Panizales got right to work assessing and treating the long line of patients, all of whom spoke mixed English and Swahili. “I didn’t know Swahili/Kiswahili at all, but I taught myself some words,” said Panizales. “As a nurse, you prompt patients to describe their symptoms, and that’s just what I did here, even though it wasn’t in English.”
Panizales’ botched pronunciation of certain Swahili/Kiswahili words had an unexpected effect on her patients. “They laughed at me pretending to know Swahili/Kiswahili,” she said. “In spite of their misery, they were still able to laugh. Through their smiles, we gained the strength to continue helping.”
For the rest of her time in Kenya, Panizales and her daughter volunteered at Nairobi Women’s Hospital. Panizales rounded with nurses, lectured on quality assurance/improvement and helped in the development of their new training program for community health assistants.
For Panizales, the most difficult part of the mission was seeing patients as young as 18 months who needed treatment for horrific sexual violence. “It was devastating,” she said. “To hear and read about sexual violence among children and women is just heart wrenching, but to see a repair operation being done to this child is beyond my emotions. This is when I question myself, what can I do as a nurse, as a mother, as a citizen of the world.”

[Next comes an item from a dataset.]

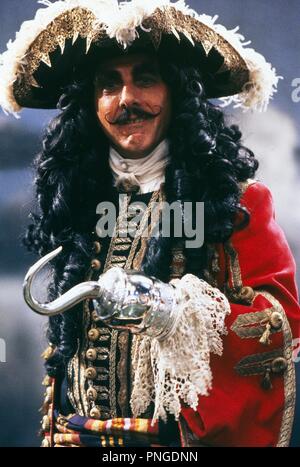 Dustin Hoffman Film: Hook (USA 1991) Characters: Capt. Hook Director:  Steven Spielberg 08 December 1991 **WARNING** This Photograph is for  editorial use only and is the copyright of TRISTAR PICTURES / MURRAY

Panizales is doing what she can to support the nurses and staff she met at the hospital. She already has connected them with nurses at BWH’s Connors Center for Women and Newborns Health through Julianne Mazzawi to start e-mail correspondence for mentorship. “The Kenyan nurses are excited to have people to ask questions and share ideas with,” Panizales said. “I always believe in education and mentorship. We can learn from them, and they can learn from us for we are all one.”